I
В противовес конструкции основного действия, которое развивается стремительно и переходит в фазу более чем серьёзного конфликта с первых же строк пьесы; в противовес конструкциям образов всех остальных персонажей, первые же действия которых позволяют нам немедленно и безошибочно угадывать их характеры, — словом, в противовес всей прочей инженерии, образ Джульетты выстроен так, что о характере этой девушке мы долгое время не можем сказать вообще ничего, и это при том, что разговоры о ней и даже с её участием занимают добрую половину 2 и 3 сцен I акта.
«Моё дитя ещё не знает жизни; // Ей нет ещё четырнадцати лет», «дочь — одна наследница моя», «я ей решенье отдаю во власть», «одной из многих будет и она» — это всё (2 сцена) характеризует скорее отца Джульетты, чем саму Джульетту. Но это ещё куда ни шло: отец Джульетты — один из основных персонажей, и в полноте его образа есть большой резон. А вот куда девать третью сцену?
Напоминаю ход развития событий в 3 сцене I акта. Джульетта входит по зову кормилицы и едва лишь успевает поздороваться, как на кормилицу нападает припадок словоблудия. В результате мы узнаём, когда у Джульетты день рождения, в каком возрасте у неё отобрали сиську, когда она встала на ножки, когда начала бегать и как расшибла в детстве лобик, и чем утешилась, и как всё это ахуенно ржачно. Не успевает читатель пригладить волосы, вставшие дыбом от такого ералаша, как припадок словоблудия нападает на синьору Капулетти (этот припадок я переводила с русского на понятный в одном из предыдущих постингов). Затем Джульетта говорит почтеной родительнице: «Маменька, не волновайтесь, я девушка приличная» — и уходит.
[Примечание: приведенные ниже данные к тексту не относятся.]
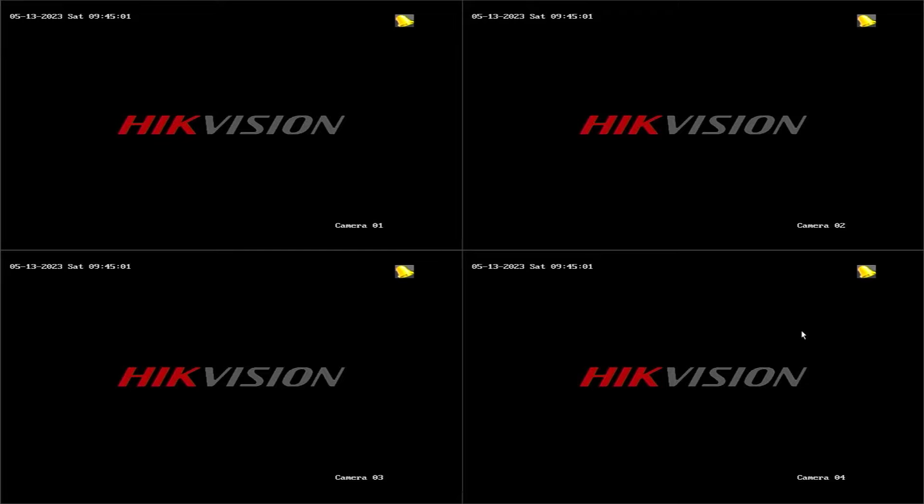Hello and welcome to my YouTube channel. Today, I want to share with you a quick tutorial on finding the verification code for your HikVision DVR.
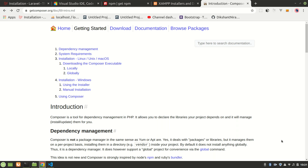Welcome to the Laravel React Redux series. In this video we are going to talk about the requirements — what we need to install before using Laravel, React, and Redux together. Maybe you have already installed some of these, but I'm going to cover each and everything so that newcomers will have an easy time following along.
И начинает категорически отсутствовать до самой встречи с Ромео.
Дяденька автор, шо это было?
II
Я недаром начала разговор о Джульетте настолько издалека, что извела на предисловие аж три постинга с гаком. Всё это нарочитое бездействие Джульетты, весь этот её «пассивный залог» 2 и 3 сцен есть результат длительного пребывания на территории, перманентно находящейся в состоянии острейшего внутреннего конфликта. Она всего-навсего руководствуется законом выживания для слабых: не хочешь неприятностей — не совершай лишних телодвижений (а без цели вообще не двигайся). Очень, на самом деле… самурайская база.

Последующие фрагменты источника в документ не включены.